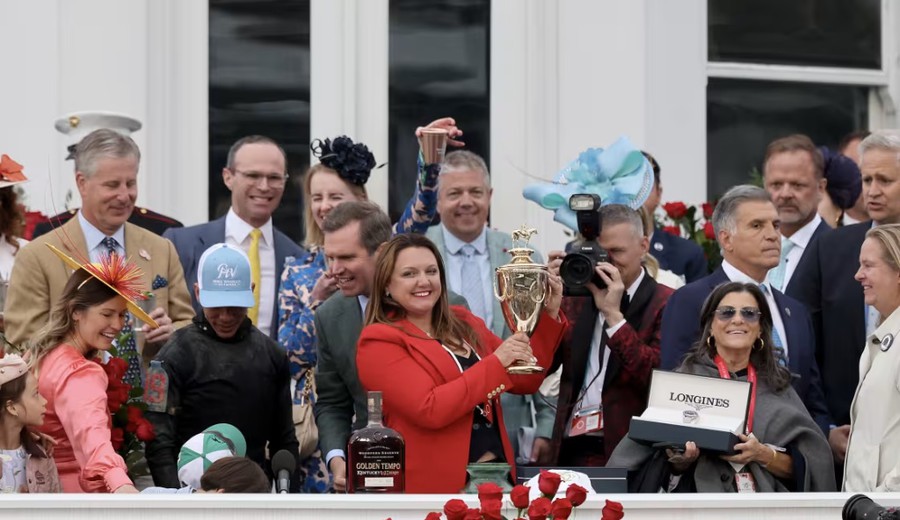 imagen de Cherie DeVaux hizo historia: primera mujer entrenadora en ganar el Kentucky Derby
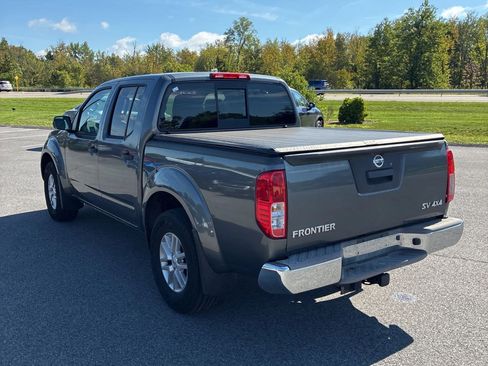 Used 2016 Nissan Frontier SV AWD/4WD image 3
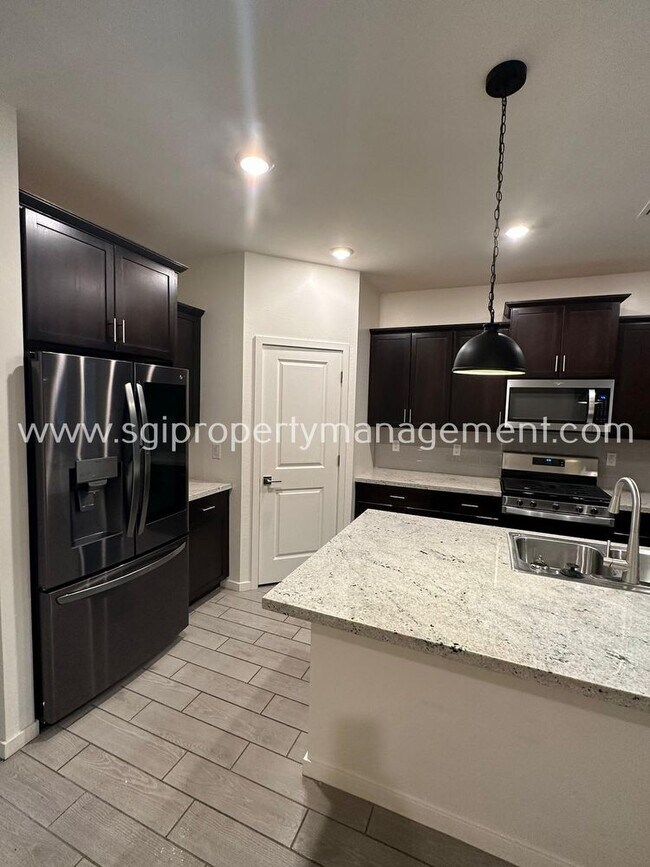 Foto del edificio - NEARLY NEW GLENDALE 5 BR HOME CLOSE TO LUK...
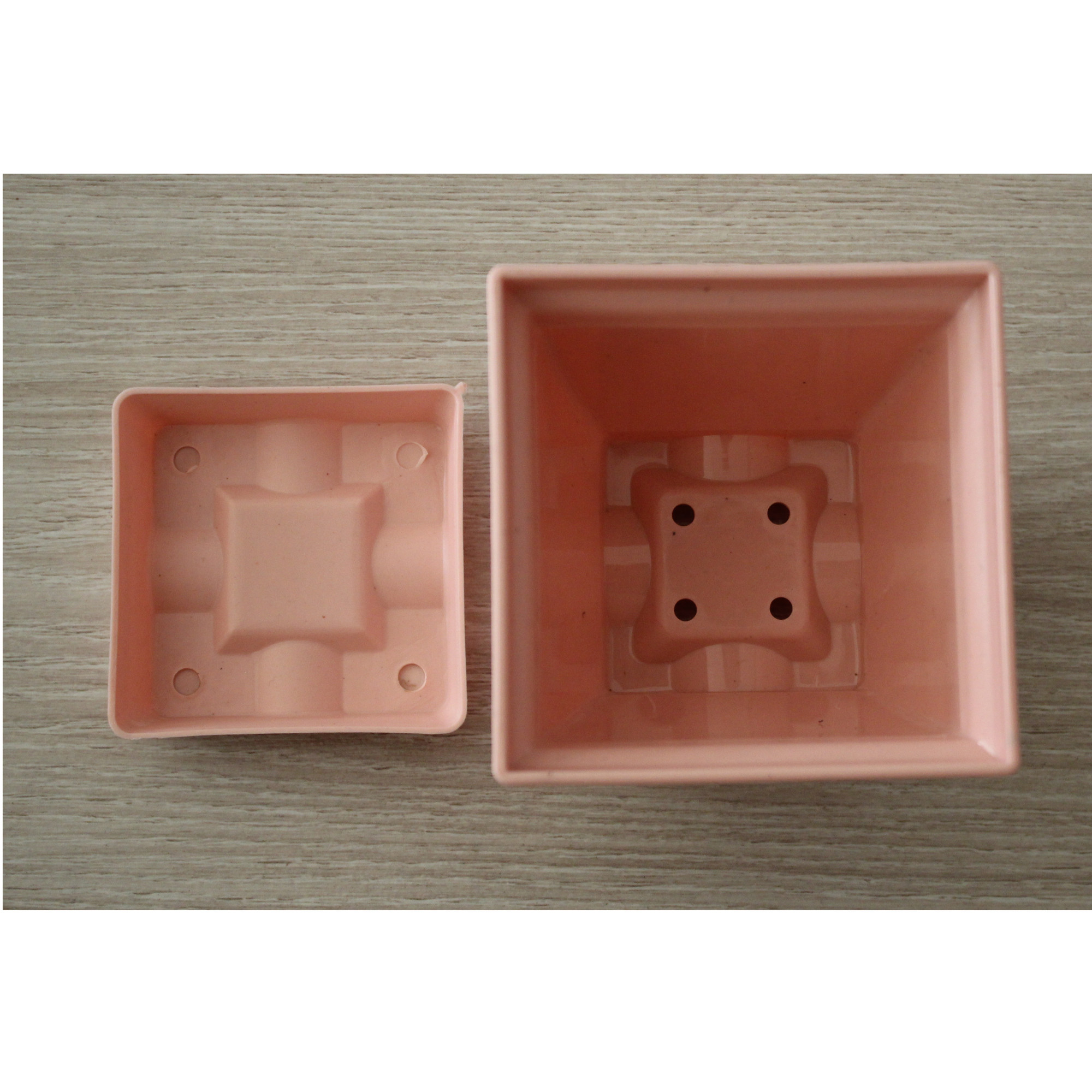 گلدان مدل کاکتوسی مربع  کد PAr0-4 مجموعه 4 عددی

What you have to do => From the first line to the last, retype the material exactly and exclude the pictures.

Answer to this problem =>
 imagen de Cherie DeVaux hizo historia: primera mujer entrenadora en ganar el Kentucky Derby
 Used 2016 Nissan Frontier SV AWD/4WD image 3
 Foto del edificio - NEARLY NEW GLENDALE 5 BR HOME CLOSE TO LUK...
 گلدان مدل کاکتوسی مربع  کد PAr0-4 مجموعه 4 عددی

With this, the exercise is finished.